Goal of the exercise →
Output only the lines below from the one containing "Погода в Самарской" to the one containing "Photo 5 VIN: 5FNYF6H01GB013909 - HONDA PILOT", exactly as written, both ends kept.

Dataset entries →
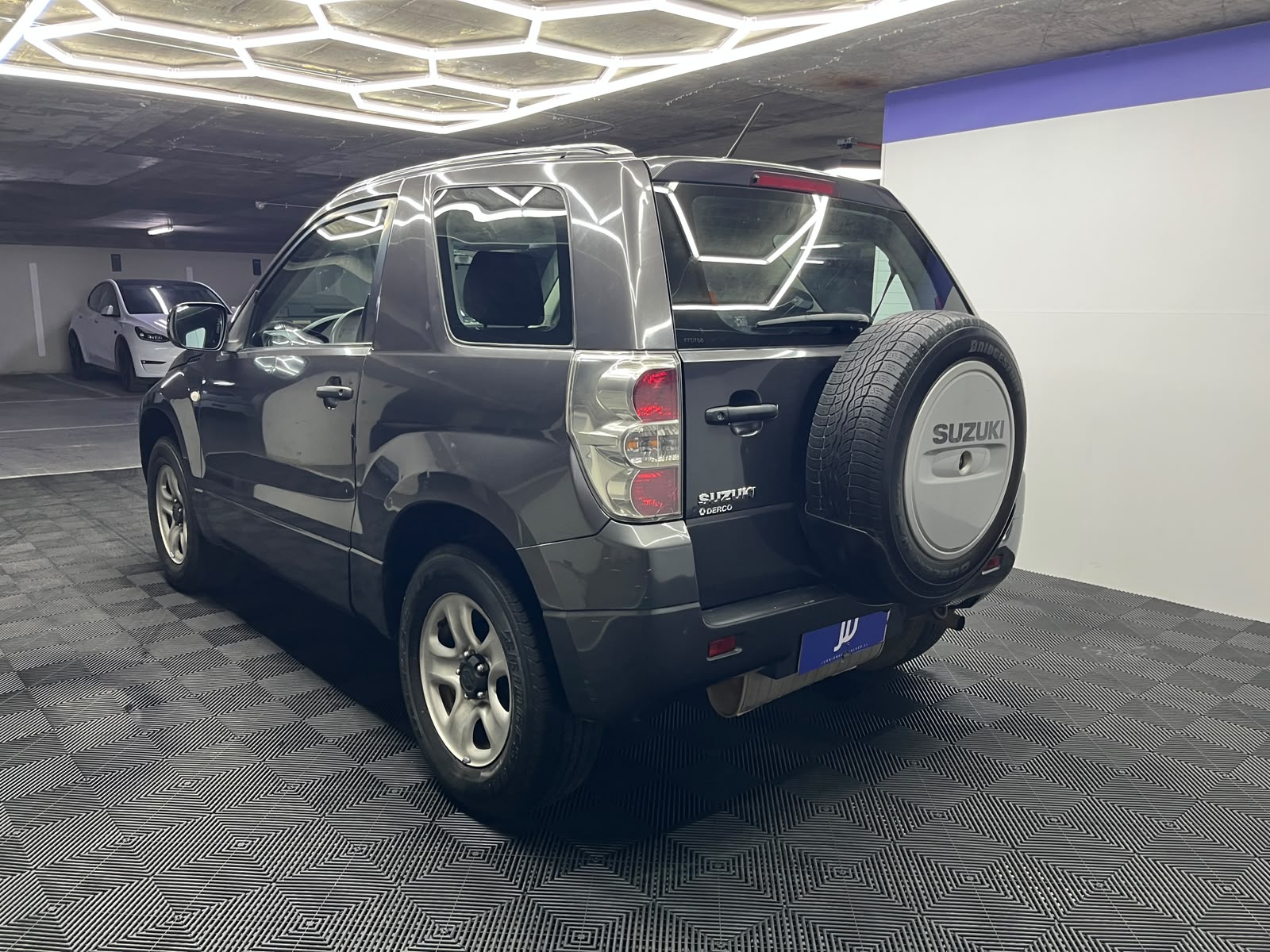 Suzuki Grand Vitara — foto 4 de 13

---

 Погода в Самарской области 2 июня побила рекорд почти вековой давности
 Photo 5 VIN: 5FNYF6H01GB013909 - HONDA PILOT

Exercise result →
 Погода в Самарской области 2 июня побила рекорд почти вековой давности
 Photo 5 VIN: 5FNYF6H01GB013909 - HONDA PILOT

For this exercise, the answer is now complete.